▸ **Exercise objective**
Using the listing below, please print exactly the lines from the one with "Casa Tranquila في" through the one with "with 5 Drawers-Offwhite". Leave out every picture.
START Data for this exercise
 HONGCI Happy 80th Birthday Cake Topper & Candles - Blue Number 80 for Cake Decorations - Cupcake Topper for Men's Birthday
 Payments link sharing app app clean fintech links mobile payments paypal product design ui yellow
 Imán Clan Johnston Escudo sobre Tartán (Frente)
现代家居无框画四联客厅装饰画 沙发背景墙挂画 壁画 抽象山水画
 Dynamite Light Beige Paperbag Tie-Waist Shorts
END Data for this exercise
START Data for this exercise
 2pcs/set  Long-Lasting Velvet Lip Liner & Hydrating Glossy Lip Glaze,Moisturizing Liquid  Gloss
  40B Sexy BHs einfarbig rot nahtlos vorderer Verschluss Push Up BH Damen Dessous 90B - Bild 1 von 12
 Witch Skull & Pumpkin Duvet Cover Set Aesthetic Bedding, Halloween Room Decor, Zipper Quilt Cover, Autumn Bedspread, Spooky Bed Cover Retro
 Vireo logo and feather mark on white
END Data for this exercise
START Data for this exercise
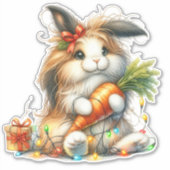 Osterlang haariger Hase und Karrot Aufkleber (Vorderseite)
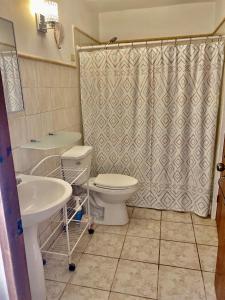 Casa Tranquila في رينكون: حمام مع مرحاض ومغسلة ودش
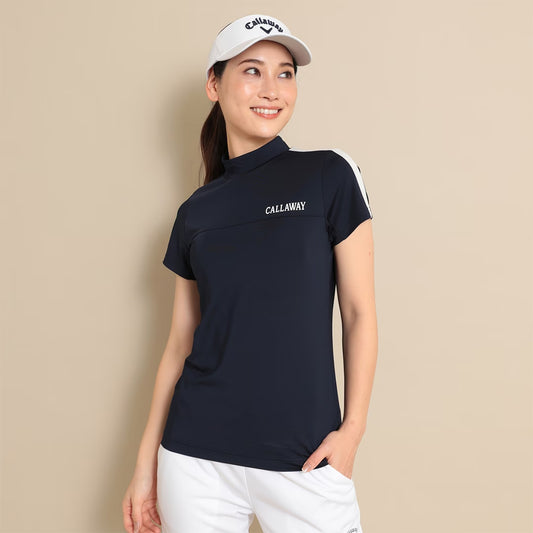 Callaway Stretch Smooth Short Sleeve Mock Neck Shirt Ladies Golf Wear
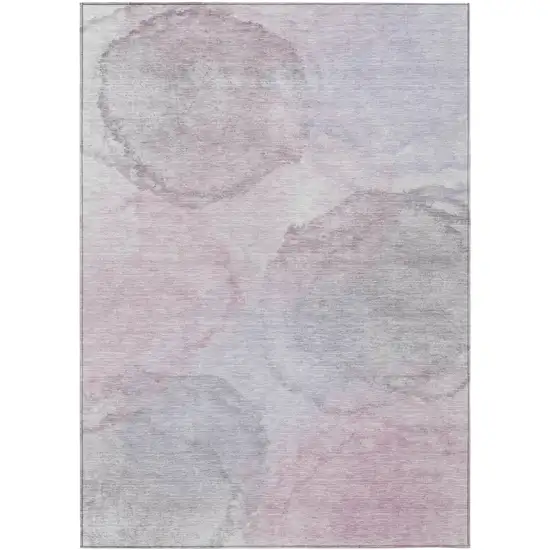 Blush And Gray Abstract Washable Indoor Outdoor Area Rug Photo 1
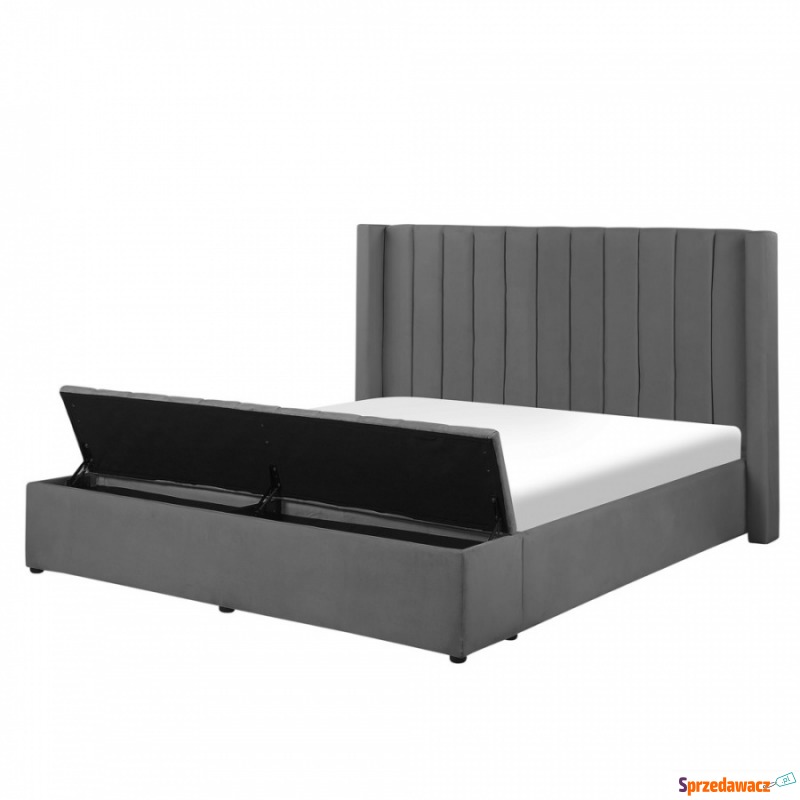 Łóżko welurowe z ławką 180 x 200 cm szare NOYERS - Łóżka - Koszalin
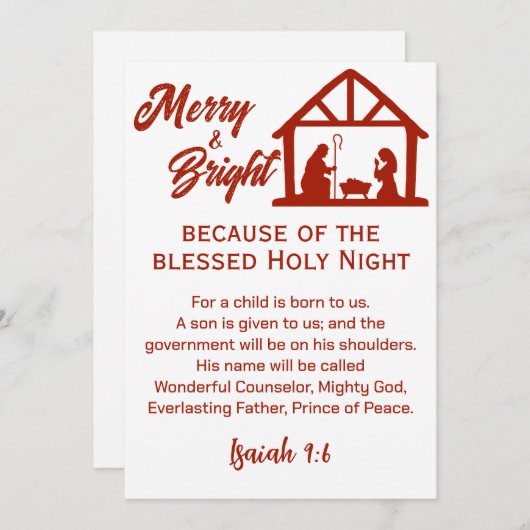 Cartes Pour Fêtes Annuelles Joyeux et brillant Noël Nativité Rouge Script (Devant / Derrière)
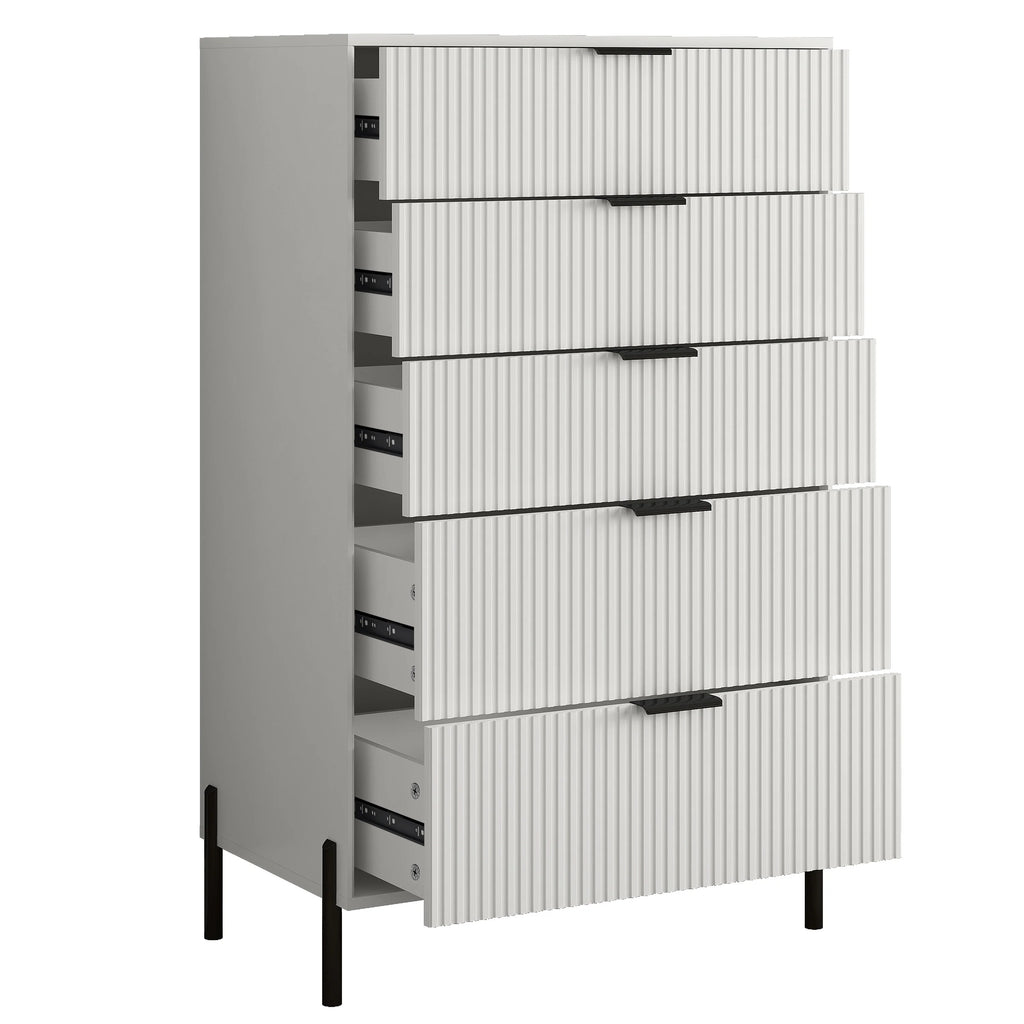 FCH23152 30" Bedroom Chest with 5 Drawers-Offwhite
END Data for this exercise
▸ **Solution for this task**
 Casa Tranquila في رينكون: حمام مع مرحاض ومغسلة ودش
 Callaway Stretch Smooth Short Sleeve Mock Neck Shirt Ladies Golf Wear
 Blush And Gray Abstract Washable Indoor Outdoor Area Rug Photo 1
 Łóżko welurowe z ławką 180 x 200 cm szare NOYERS - Łóżka - Koszalin
 Cartes Pour Fêtes Annuelles Joyeux et brillant Noël Nativité Rouge Script (Devant / Derrière)
 FCH23152 30" Bedroom Chest with 5 Drawers-Offwhite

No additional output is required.